When Olga is offered a huge promotion back in Russia, she invites Jed to come with her.
“She was young, or more precisely she was still young, she still imagined that life offered various possibilities, that a human relationship could go through successive and contradictory developments.”
Jed feels otherwise. He lets her slide out of his life, too blasé to care. A cycle has now completed itself, he feels. He turns his attention to art, focusing now on painting. Over the next seven years he paints “The Series of Simple Professions,” representing men and women in various occupations. His explanation for the project is—like his reason for taking photographs of industrial objects—exceedingly trite.
“What’s defines a man? What’s the first question you ask a man, when you want to find out about him? In some societies, you ask him if he’s married, if he has children; in our society, we ask first what his profession is. It’s his place in the productive process, and not his status as a reproducer, that above all defines Western man.”
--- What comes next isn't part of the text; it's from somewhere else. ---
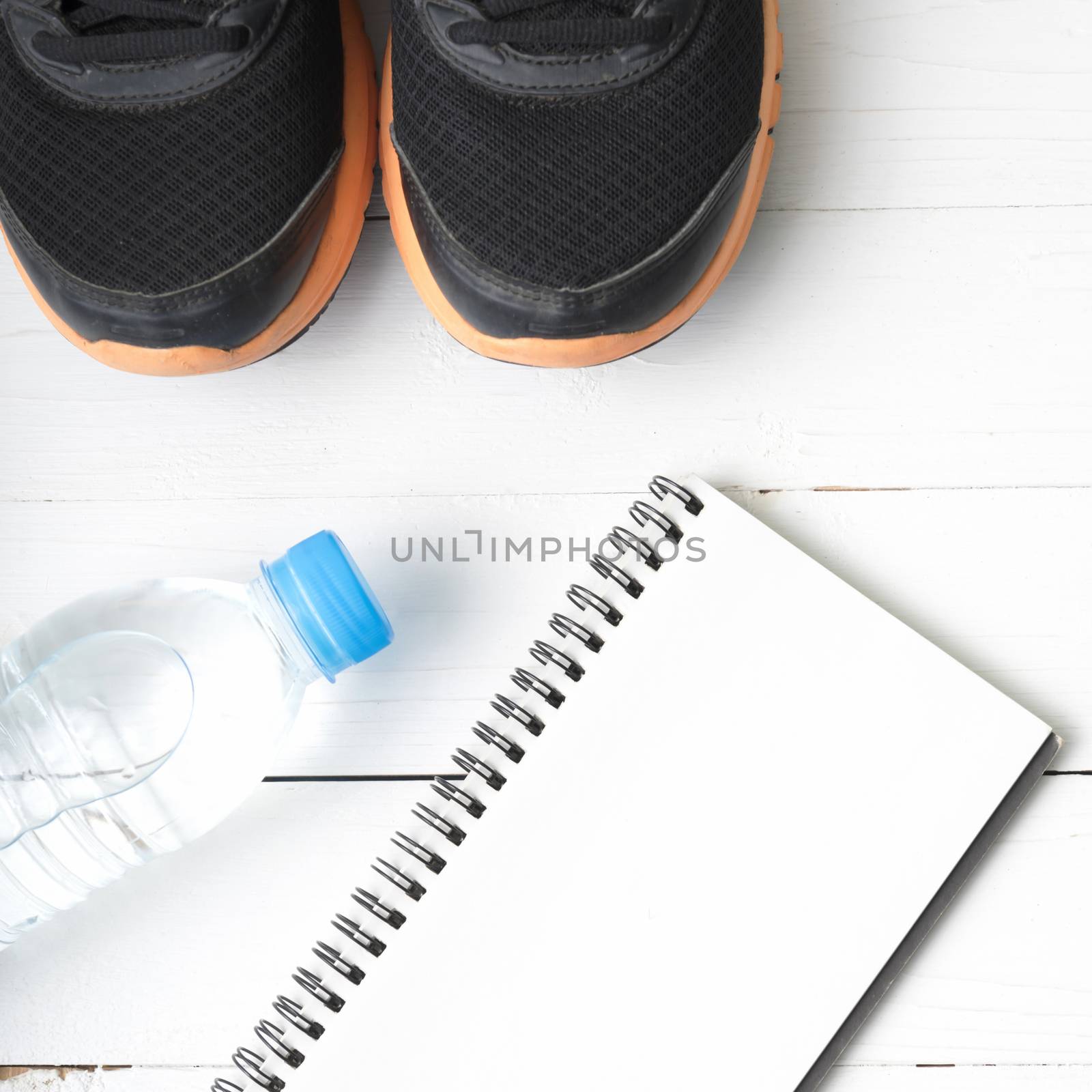 fitness equipment : running shoes,drinking water and notebook on white wood table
And yet the paintings become extremely valuable—so much so that at least one person is killed for one. This is again an obvious sendup of the art world, where people often place value on objects of questionable worth. When Jed is putting together a catalog of this project, his gallerist, Franz, suggests that he hire “Houellebecq” to write the accompanying text. Jed travels to Ireland to meet the writer, and their interactions—here and later—are the most enjoyable parts of the book, as Houellebecq the author takes great fun playing with his public persona.
Jed says, “On meeting you, I expected something … well, let’s say, more difficult. You have the reputation for being very depressed. I thought, for example, that you drank much more,” to which “Houellebecq” replies, “You know, it’s the journalists who’ve given me the reputation for being a drunk; what’s curious is that none of them ever realized that if I was drinking a lot in their presence, it was simply in order to put up with them.”
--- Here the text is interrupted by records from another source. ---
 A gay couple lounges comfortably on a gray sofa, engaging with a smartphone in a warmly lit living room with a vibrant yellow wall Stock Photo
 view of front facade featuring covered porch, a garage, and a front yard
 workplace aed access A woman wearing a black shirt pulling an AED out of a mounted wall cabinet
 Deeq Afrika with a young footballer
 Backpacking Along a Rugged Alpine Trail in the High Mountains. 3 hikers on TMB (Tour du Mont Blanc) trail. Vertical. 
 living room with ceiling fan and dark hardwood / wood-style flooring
Jed likes the writer, but he doubts they can become friends.
“Jed didn’t think he was capable of such a feeling: he had gone through childhood and the start of adolescence without falling prey to strong friendships, while these periods of life are considered particularly propitious for their birth. It was scarcely probable that friendship would come to him now, late in life.”
Jed’s not sad or depressed. He’s simply unattached. Even when Olga reappears in his life, he doesn’t see it as an opportunity to make up for possible past mistakes. He’d rather be alone.
“He sometimes had the supermarket all to himself—which seemed to him to be quite a good approximation of happiness.”
“Houellebecq” and Houellebecq would likely concur.
The last third of the novel is largely a police procedural surrounding the aforementioned murder. A satire of the art world evolves into a classic whodunit, the author’s choice of a murder victim both shocking and yet quintessential Houellebecq.